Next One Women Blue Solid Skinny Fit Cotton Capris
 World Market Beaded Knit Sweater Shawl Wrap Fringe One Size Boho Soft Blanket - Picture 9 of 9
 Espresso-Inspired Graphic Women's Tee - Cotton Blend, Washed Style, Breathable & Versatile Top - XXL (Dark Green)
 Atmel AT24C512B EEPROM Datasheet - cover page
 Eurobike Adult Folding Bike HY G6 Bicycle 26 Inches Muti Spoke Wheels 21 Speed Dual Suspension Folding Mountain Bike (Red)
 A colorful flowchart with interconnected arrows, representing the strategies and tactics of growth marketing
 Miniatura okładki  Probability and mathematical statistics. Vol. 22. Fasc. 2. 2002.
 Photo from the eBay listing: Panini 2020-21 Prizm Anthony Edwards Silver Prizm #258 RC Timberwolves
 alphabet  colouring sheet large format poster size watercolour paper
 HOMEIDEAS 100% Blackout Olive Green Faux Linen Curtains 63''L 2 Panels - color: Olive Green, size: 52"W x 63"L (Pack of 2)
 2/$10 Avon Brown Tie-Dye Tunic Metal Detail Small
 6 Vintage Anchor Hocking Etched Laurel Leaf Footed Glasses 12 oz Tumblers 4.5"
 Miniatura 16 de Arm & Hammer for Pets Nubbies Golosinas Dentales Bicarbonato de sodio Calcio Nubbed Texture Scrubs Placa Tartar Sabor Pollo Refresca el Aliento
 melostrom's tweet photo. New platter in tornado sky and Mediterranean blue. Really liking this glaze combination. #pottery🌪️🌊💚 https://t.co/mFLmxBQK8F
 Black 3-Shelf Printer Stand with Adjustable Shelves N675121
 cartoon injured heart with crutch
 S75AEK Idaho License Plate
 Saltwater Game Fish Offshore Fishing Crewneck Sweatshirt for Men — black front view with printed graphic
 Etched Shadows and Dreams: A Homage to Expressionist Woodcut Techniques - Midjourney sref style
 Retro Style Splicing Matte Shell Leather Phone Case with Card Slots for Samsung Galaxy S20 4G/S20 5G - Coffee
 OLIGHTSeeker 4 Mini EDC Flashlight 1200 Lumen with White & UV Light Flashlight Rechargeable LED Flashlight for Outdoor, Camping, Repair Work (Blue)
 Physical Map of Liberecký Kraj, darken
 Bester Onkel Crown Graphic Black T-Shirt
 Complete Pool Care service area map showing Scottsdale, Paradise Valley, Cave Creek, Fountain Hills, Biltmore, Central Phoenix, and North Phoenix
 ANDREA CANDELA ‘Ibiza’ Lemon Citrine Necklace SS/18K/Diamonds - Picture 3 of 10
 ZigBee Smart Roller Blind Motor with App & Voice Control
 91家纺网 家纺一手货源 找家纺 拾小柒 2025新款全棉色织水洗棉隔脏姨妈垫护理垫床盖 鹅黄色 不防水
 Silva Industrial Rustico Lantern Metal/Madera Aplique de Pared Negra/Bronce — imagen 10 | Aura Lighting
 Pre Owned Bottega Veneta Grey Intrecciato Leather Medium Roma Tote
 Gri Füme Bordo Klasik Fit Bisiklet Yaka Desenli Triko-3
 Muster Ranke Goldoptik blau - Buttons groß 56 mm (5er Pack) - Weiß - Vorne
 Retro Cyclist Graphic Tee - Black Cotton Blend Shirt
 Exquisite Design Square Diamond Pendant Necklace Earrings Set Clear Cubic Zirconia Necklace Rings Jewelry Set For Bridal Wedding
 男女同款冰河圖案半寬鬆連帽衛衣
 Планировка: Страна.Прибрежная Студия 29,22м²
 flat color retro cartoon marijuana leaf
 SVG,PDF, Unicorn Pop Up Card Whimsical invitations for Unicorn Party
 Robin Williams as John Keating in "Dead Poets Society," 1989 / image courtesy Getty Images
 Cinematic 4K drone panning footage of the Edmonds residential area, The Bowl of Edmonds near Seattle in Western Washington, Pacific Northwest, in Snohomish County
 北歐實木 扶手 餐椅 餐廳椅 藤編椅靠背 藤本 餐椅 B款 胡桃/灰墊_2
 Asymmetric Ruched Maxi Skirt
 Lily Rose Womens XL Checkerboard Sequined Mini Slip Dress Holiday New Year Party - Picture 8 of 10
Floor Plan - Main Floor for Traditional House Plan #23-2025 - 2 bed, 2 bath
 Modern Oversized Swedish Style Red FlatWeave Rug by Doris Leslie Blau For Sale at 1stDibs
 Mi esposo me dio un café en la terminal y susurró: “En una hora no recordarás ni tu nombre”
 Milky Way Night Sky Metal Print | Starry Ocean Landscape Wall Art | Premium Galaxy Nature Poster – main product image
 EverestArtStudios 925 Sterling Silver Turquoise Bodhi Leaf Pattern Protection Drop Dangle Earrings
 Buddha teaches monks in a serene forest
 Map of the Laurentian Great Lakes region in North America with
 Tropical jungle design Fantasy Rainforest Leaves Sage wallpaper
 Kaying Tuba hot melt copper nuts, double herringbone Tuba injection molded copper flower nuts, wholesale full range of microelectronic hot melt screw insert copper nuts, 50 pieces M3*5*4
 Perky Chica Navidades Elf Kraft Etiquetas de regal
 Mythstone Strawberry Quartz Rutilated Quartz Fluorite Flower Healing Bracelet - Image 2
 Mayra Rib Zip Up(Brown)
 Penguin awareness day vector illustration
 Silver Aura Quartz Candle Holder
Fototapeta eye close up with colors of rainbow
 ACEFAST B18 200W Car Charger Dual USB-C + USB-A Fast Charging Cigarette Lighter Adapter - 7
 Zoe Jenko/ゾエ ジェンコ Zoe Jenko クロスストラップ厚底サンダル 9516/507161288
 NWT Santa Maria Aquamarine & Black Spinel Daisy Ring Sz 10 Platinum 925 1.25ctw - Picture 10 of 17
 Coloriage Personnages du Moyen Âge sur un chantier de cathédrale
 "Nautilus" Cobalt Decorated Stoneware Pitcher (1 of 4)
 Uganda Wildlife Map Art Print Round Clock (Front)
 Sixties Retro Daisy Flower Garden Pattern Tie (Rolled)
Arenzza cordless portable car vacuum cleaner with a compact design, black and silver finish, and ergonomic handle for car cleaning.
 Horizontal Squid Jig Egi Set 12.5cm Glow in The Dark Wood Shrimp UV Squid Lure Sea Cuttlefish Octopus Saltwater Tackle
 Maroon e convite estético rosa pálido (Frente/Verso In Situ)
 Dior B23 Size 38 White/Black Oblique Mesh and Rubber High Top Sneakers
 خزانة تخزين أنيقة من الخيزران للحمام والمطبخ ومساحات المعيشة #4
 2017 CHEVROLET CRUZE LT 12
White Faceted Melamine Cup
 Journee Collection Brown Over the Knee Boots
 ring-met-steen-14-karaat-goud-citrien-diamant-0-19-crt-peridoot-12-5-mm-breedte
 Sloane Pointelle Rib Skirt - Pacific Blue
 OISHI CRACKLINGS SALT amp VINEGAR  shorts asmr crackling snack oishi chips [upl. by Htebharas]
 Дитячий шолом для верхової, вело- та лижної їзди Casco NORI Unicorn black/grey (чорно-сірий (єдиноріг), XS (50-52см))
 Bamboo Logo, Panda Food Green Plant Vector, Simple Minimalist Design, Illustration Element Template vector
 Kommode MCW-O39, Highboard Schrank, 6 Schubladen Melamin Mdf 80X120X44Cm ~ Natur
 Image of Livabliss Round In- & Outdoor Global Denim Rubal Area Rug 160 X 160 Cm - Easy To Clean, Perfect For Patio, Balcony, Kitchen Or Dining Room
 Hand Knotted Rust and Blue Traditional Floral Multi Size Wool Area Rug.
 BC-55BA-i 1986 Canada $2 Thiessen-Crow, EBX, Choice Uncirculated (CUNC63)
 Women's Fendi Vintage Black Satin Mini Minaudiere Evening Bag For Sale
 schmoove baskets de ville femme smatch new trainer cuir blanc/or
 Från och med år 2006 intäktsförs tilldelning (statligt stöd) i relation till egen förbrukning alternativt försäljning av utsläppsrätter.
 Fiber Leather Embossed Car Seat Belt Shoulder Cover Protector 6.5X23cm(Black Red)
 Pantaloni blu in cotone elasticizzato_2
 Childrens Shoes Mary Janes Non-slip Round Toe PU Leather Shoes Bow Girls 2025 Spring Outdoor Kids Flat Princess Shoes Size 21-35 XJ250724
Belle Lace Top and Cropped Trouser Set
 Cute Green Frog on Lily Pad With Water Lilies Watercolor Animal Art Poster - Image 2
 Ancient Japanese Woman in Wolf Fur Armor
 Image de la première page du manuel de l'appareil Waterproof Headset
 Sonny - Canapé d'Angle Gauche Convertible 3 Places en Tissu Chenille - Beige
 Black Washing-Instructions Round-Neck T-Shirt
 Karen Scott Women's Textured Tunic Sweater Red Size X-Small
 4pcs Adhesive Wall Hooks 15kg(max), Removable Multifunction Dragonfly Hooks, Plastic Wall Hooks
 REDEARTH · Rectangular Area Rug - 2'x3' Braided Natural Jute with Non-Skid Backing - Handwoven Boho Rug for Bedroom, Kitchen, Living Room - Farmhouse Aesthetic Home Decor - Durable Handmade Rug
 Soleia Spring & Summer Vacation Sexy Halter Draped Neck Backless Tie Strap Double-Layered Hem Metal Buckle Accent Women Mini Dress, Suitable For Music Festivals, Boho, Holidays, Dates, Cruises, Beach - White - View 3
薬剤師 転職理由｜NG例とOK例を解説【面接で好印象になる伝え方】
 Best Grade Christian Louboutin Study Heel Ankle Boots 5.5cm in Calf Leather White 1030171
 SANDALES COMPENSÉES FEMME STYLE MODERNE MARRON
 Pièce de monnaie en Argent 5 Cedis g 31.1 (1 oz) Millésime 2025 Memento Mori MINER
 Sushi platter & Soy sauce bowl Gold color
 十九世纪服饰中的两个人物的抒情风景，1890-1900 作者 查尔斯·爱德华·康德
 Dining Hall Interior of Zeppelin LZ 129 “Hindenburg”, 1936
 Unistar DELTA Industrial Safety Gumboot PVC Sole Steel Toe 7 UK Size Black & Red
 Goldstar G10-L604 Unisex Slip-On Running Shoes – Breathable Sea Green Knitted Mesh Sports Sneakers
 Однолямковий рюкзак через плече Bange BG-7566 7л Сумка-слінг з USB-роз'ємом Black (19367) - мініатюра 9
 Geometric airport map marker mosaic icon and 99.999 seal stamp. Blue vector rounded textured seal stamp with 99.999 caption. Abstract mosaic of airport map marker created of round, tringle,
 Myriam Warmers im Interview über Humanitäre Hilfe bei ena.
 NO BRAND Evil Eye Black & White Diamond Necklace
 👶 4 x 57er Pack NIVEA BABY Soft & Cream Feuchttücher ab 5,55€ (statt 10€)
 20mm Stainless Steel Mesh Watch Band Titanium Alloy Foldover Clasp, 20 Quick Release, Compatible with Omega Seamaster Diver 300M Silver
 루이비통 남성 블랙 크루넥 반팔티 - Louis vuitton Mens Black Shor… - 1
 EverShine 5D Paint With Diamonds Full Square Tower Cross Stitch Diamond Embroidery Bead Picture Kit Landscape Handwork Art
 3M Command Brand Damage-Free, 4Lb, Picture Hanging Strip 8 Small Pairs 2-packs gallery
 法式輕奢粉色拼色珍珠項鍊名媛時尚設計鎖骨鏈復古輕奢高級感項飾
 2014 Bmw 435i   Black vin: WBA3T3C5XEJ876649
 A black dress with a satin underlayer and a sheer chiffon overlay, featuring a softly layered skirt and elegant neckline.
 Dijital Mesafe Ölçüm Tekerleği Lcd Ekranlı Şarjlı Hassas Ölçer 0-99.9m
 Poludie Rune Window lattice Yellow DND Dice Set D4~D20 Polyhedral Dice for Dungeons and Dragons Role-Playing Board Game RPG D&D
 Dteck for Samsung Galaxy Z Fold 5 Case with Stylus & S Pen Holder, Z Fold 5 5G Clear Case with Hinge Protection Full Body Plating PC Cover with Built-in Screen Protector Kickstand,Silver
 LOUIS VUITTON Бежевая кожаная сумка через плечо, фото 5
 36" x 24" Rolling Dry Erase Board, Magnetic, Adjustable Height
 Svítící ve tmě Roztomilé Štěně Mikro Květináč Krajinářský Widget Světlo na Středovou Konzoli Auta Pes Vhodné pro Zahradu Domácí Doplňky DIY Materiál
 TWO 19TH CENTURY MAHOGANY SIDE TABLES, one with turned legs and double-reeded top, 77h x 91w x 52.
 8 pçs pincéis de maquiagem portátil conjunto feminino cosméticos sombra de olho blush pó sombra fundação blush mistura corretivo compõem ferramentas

● ● ●

Your assignment: Using the data above, say how many lines include "Shoes". No other reply is needed.

Written solution: 2